| What the exercise asks |
From the records below, extract all the text exactly and leave the images behind.

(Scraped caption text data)
=-=-=

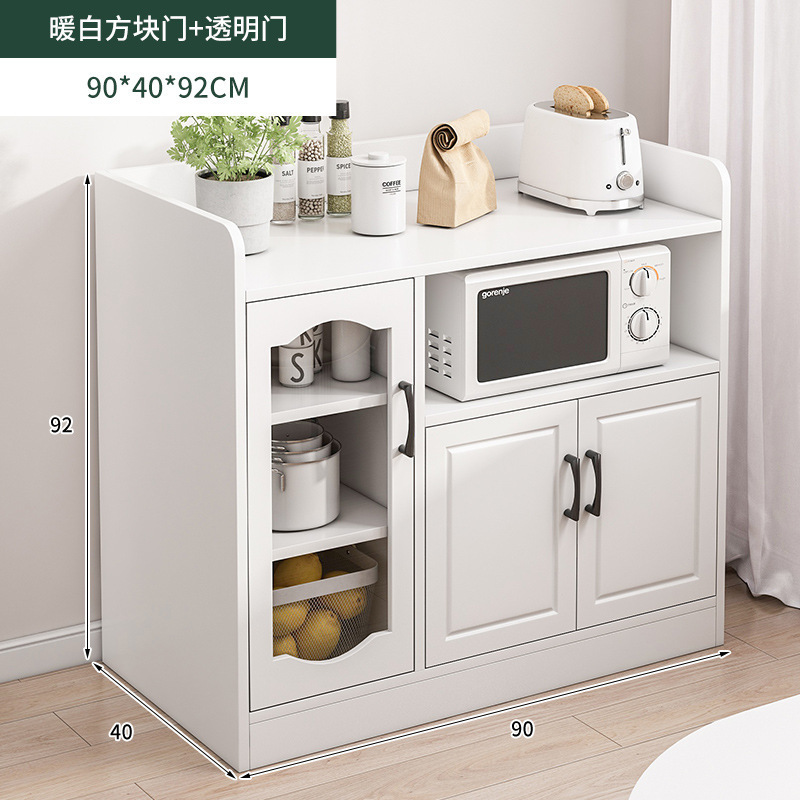 奶油风餐边柜储物柜靠墙一体茶水柜厨房橱柜家用碗柜客厅置物柜子|undefined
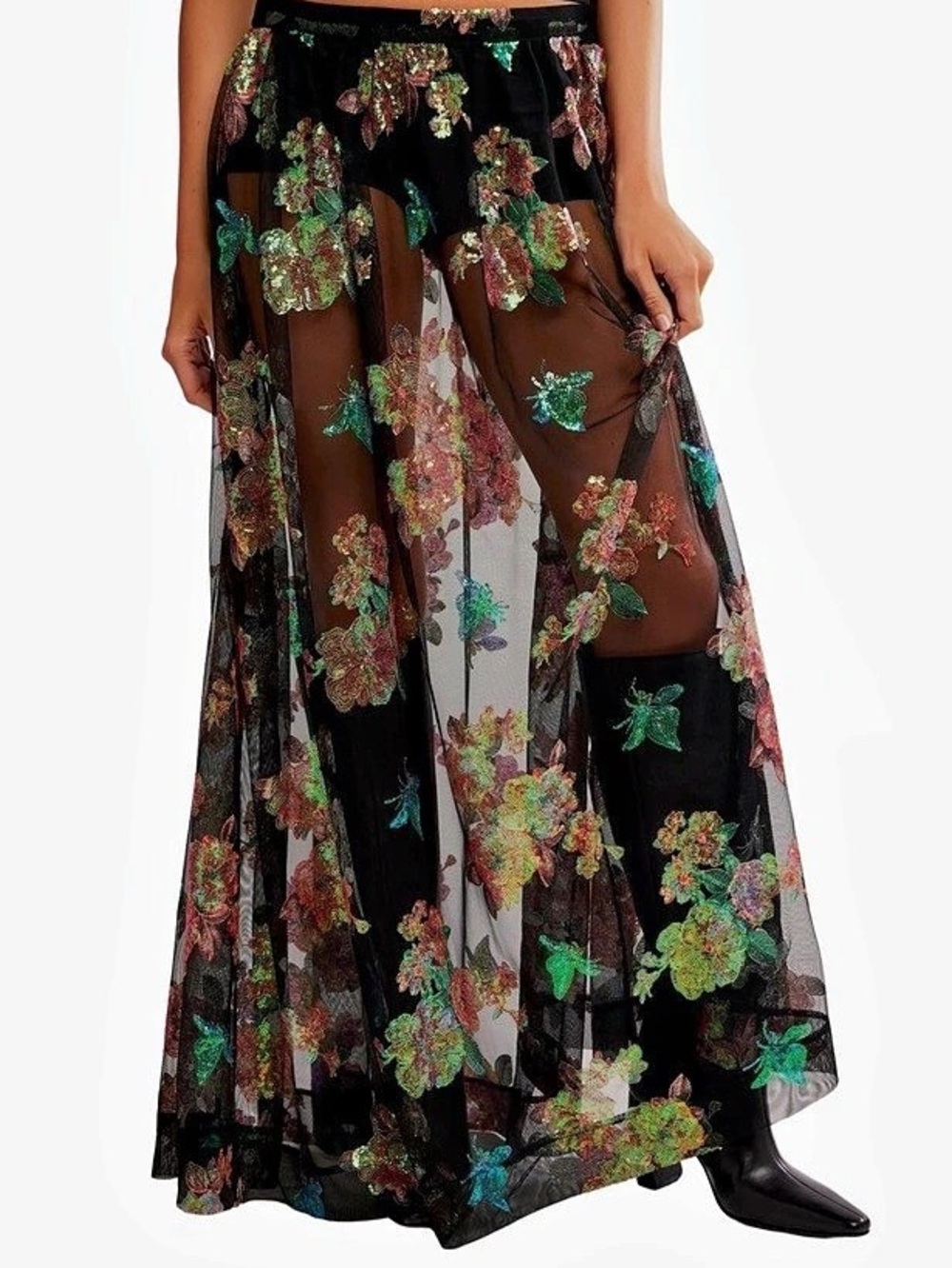 Free People Fioritura Maxi Skirt in black, featuring a sheer mesh fabric covered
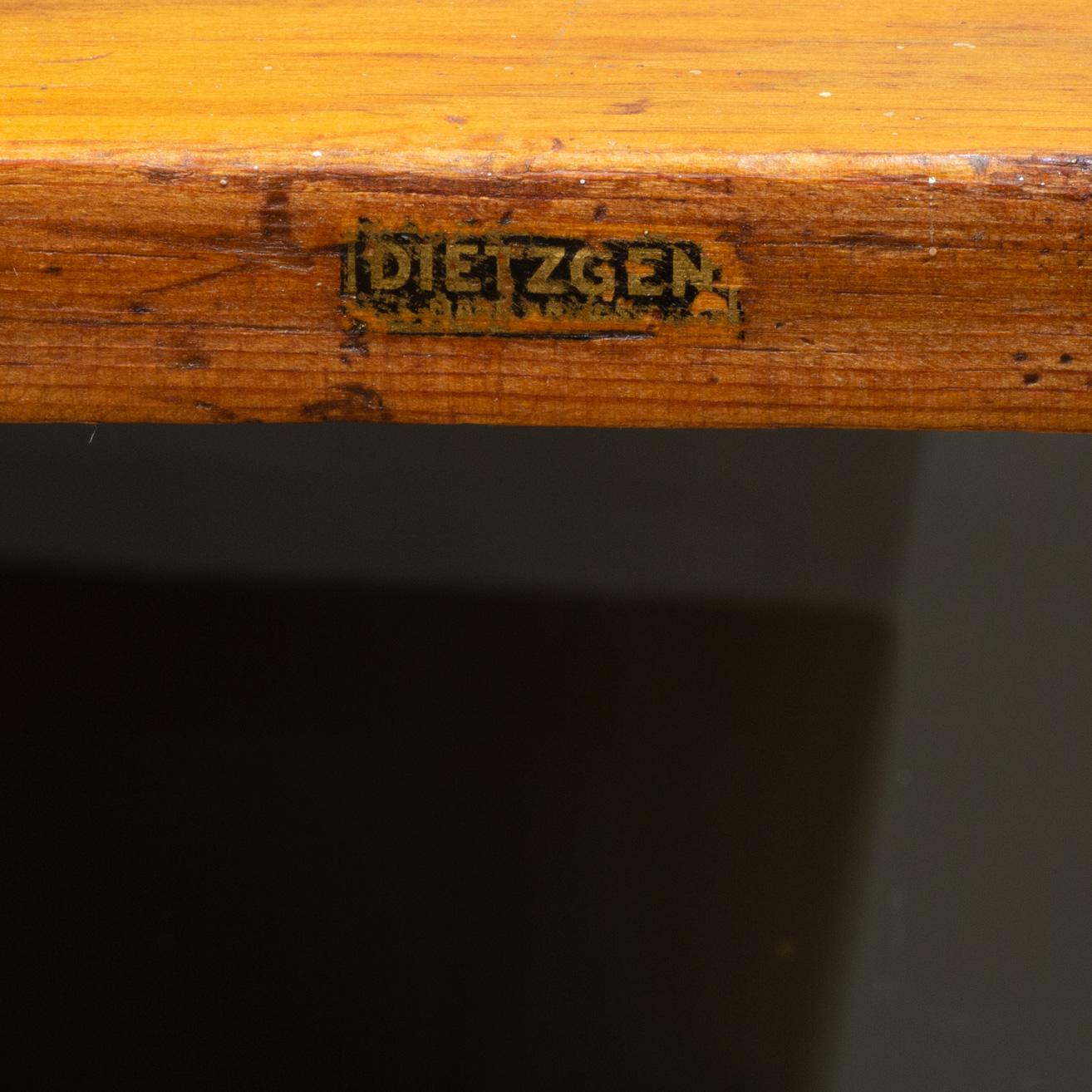 Large Antique Dietzgen Wood and Cast Iron Drafting Table, circa 1930 2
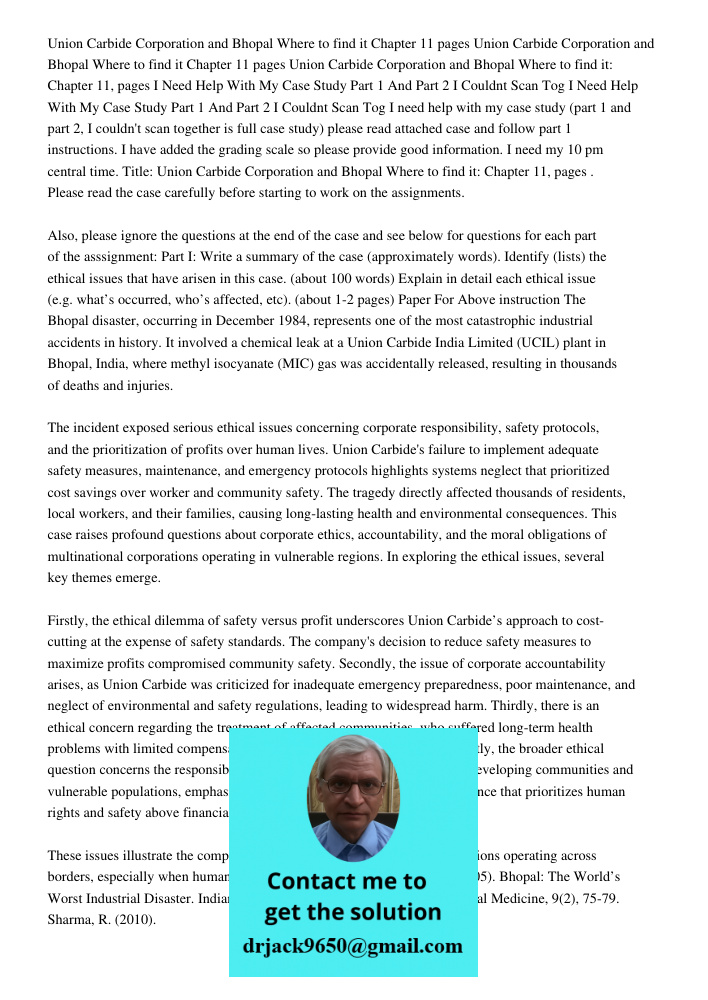 Union Carbide Corporation and Bhopal Where to find it Chapter 11 pages I Need Help With My Case Study Part 1 And Part 2 I Couldnt Scan Tog I Need Help With My C
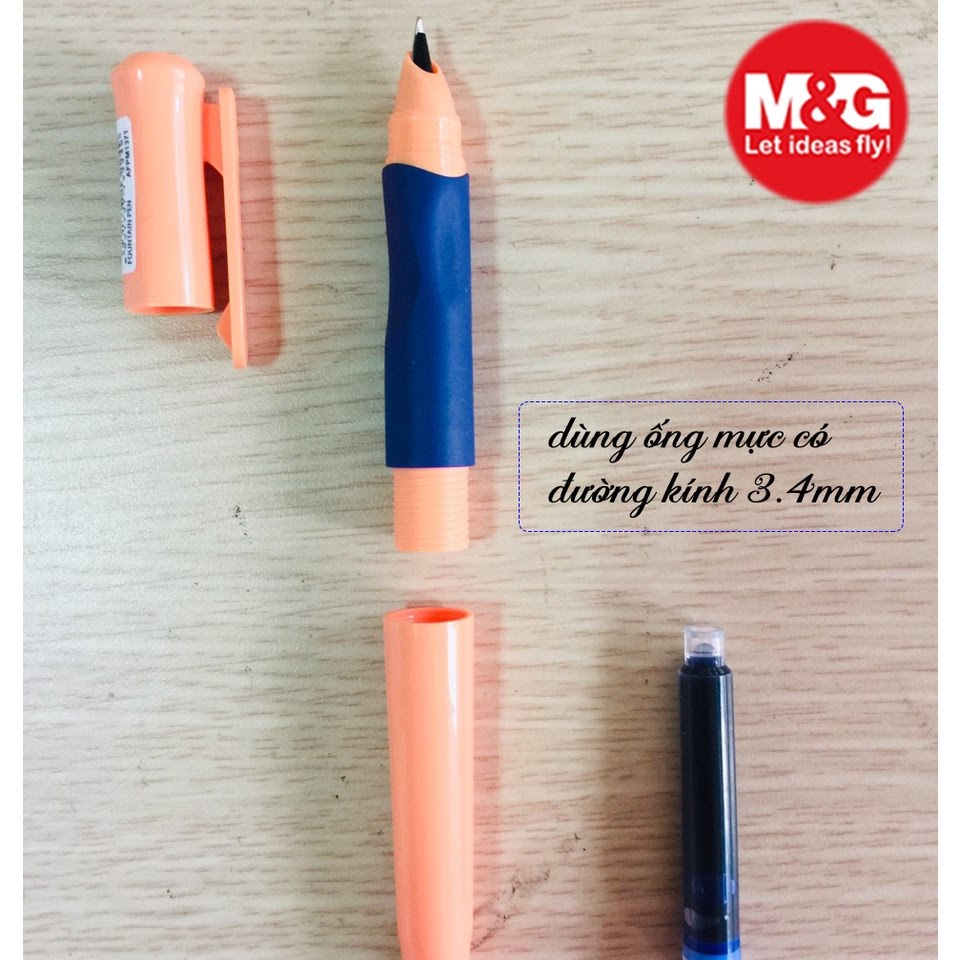 Bút máy luyện chữ đẹp tay cầm định vị M&G AFPM1371 / Bút mực 1371 nét viết êm trơn I Tặng kèm piston bơm mực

=-=-=

| Task solution |
 奶油风餐边柜储物柜靠墙一体茶水柜厨房橱柜家用碗柜客厅置物柜子|undefined
 Free People Fioritura Maxi Skirt in black, featuring a sheer mesh fabric covered
 Large Antique Dietzgen Wood and Cast Iron Drafting Table, circa 1930 2
 Union Carbide Corporation and Bhopal Where to find it Chapter 11 pages I Need Help With My Case Study Part 1 And Part 2 I Couldnt Scan Tog I Need Help With My C
 Bút máy luyện chữ đẹp tay cầm định vị M&G AFPM1371 / Bút mực 1371 nét viết êm trơn I Tặng kèm piston bơm mực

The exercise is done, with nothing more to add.